(Records from a data collection)
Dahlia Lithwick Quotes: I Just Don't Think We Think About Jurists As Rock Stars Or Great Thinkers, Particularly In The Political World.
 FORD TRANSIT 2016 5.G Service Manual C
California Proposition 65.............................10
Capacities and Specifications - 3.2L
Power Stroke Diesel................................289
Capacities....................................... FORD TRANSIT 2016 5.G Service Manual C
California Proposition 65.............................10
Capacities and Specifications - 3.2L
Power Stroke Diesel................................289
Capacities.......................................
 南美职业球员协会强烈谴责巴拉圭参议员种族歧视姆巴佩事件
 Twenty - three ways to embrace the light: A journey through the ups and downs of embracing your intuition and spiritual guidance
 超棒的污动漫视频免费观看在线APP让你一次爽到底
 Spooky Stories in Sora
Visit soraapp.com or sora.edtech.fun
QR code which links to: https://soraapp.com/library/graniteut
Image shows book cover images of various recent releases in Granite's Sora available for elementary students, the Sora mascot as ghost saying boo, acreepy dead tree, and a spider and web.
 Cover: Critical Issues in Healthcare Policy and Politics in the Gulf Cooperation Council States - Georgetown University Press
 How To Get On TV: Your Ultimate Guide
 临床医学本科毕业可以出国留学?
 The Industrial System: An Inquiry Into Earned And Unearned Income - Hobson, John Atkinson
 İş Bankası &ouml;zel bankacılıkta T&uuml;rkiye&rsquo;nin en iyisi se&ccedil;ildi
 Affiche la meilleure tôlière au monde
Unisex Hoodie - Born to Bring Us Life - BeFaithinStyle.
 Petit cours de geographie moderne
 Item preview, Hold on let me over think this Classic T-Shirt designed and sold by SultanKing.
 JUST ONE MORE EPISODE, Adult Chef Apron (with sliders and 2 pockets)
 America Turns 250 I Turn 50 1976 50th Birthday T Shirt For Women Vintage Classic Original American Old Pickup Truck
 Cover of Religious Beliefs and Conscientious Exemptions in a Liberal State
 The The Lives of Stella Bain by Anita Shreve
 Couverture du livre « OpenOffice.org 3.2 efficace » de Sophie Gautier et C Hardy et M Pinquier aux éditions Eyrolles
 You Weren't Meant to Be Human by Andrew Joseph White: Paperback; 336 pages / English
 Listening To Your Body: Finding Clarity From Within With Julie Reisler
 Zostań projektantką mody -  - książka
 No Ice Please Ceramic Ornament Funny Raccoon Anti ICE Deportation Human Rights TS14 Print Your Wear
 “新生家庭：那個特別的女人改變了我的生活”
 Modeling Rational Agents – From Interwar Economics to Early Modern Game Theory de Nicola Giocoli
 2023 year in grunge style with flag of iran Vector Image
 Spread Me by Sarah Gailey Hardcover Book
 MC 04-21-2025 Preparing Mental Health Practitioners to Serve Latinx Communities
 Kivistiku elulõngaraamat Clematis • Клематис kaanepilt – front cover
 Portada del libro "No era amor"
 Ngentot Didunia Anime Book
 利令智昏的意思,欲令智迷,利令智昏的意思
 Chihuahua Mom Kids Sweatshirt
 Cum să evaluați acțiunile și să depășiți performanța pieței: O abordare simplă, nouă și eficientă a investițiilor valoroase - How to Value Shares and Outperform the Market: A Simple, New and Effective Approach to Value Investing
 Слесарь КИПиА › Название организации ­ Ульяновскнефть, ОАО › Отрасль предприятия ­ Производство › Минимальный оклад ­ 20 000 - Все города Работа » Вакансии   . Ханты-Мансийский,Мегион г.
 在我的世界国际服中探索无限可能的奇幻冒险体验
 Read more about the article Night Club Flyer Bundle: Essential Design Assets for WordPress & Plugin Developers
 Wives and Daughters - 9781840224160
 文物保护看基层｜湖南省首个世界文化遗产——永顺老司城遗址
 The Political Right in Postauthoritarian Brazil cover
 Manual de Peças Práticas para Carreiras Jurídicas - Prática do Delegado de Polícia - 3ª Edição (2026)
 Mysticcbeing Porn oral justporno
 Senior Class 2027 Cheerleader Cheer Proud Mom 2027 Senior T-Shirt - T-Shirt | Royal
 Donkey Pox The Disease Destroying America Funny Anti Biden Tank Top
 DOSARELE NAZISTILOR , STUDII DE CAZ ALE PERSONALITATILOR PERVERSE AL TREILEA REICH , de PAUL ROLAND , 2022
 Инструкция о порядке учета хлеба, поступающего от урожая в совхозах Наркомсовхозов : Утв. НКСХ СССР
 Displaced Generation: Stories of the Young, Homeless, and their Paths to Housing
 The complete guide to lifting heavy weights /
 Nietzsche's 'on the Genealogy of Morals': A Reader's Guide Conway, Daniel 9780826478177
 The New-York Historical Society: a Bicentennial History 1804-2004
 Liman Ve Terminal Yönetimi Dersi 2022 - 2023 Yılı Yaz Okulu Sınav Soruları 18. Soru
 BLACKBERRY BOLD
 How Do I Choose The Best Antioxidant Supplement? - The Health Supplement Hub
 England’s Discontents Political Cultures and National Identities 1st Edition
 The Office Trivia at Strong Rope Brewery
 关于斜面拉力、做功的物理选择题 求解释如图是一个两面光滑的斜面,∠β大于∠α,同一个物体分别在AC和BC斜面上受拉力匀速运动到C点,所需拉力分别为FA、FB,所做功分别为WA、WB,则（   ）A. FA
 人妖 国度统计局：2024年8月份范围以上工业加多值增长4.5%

__Work order__: From the records above, copy only the lines starting with the line that holds "Twenty - three" and going on through the line that holds "The The Lives of Stella Bain by Anita Shreve", exactly as written.

__Output of the task__:
 Twenty - three ways to embrace the light: A journey through the ups and downs of embracing your intuition and spiritual guidance
 超棒的污动漫视频免费观看在线APP让你一次爽到底
 Spooky Stories in Sora
Visit soraapp.com or sora.edtech.fun
QR code which links to: https://soraapp.com/library/graniteut
Image shows book cover images of various recent releases in Granite's Sora available for elementary students, the Sora mascot as ghost saying boo, acreepy dead tree, and a spider and web.
 Cover: Critical Issues in Healthcare Policy and Politics in the Gulf Cooperation Council States - Georgetown University Press
 How To Get On TV: Your Ultimate Guide
 临床医学本科毕业可以出国留学?
 The Industrial System: An Inquiry Into Earned And Unearned Income - Hobson, John Atkinson
 İş Bankası &ouml;zel bankacılıkta T&uuml;rkiye&rsquo;nin en iyisi se&ccedil;ildi
 Affiche la meilleure tôlière au monde
Unisex Hoodie - Born to Bring Us Life - BeFaithinStyle.
 Petit cours de geographie moderne
 Item preview, Hold on let me over think this Classic T-Shirt designed and sold by SultanKing.
 JUST ONE MORE EPISODE, Adult Chef Apron (with sliders and 2 pockets)
 America Turns 250 I Turn 50 1976 50th Birthday T Shirt For Women Vintage Classic Original American Old Pickup Truck
 Cover of Religious Beliefs and Conscientious Exemptions in a Liberal State
 The The Lives of Stella Bain by Anita Shreve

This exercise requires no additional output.